*WHAT IS REQUIRED*
An exact transcription of every entry is required. Images are not part of it.

*PROVIDED MATERIAL*

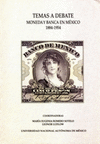 TEMAS A DEBATE MONEDA Y BANCA EN MEXICO 1884-1954
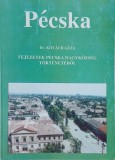 Pecska. Fejezetek Pecska nagykozseg tortenetebol - Kovach Geza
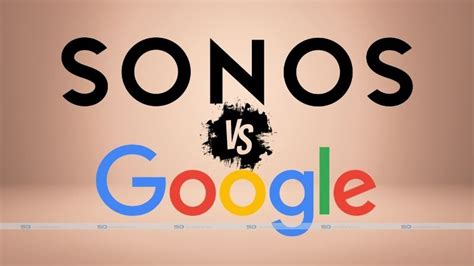 Sonos Versus Google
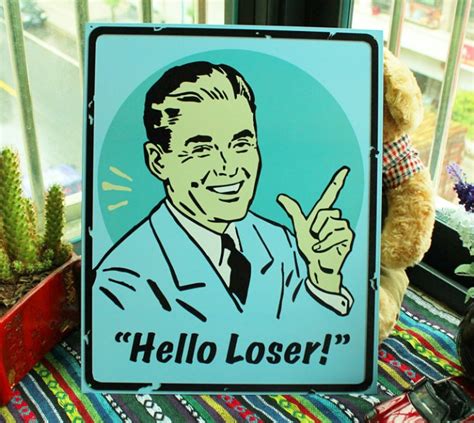 Hello Loser Sarcasm Black Humour Funny Gag Metal Print Art Tin Sign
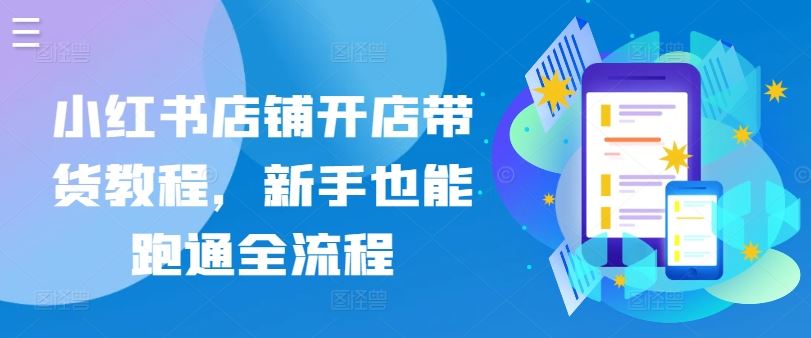 小红书店铺开店带货教程，新手也能跑通全流程-凌秋网创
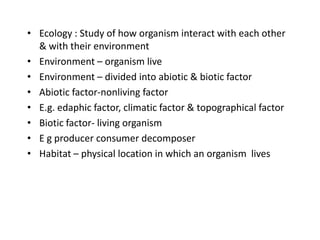 • Ecology : Study of how organism interact with each other
& with their environment
• Environment – organism live
• Environment – divided into abiotic & biotic factor
• Abiotic factor-nonliving factor
• E.g. edaphic factor, climatic factor & topographical factor
• Biotic factor- living organism
• E g producer consumer decomposer
• Habitat – physical location in which an organism lives

 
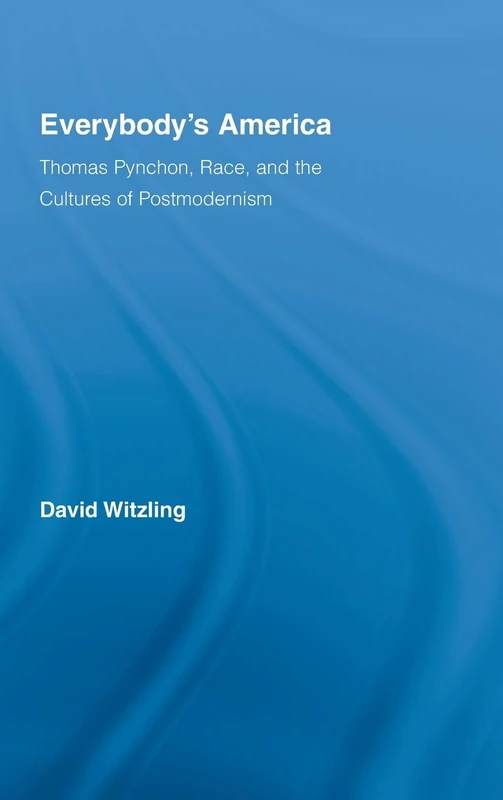 Everybody's America: Thomas Pynchon, Race, and the Cultures of Postmodernism (Studies in Major Literary Authors)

*RESULT BELOW*
 TEMAS A DEBATE MONEDA Y BANCA EN MEXICO 1884-1954
 Pecska. Fejezetek Pecska nagykozseg tortenetebol - Kovach Geza
 Sonos Versus Google
 Hello Loser Sarcasm Black Humour Funny Gag Metal Print Art Tin Sign
 小红书店铺开店带货教程，新手也能跑通全流程-凌秋网创
 • Ecology : Study of how organism interact with each other
& with their environment
• Environment – organism live
• Environment – divided into abiotic & biotic factor
• Abiotic factor-nonliving factor
• E.g. edaphic factor, climatic factor & topographical factor
• Biotic factor- living organism
• E g producer consumer decomposer
• Habitat – physical location in which an organism lives

 
 Everybody's America: Thomas Pynchon, Race, and the Cultures of Postmodernism (Studies in Major Literary Authors)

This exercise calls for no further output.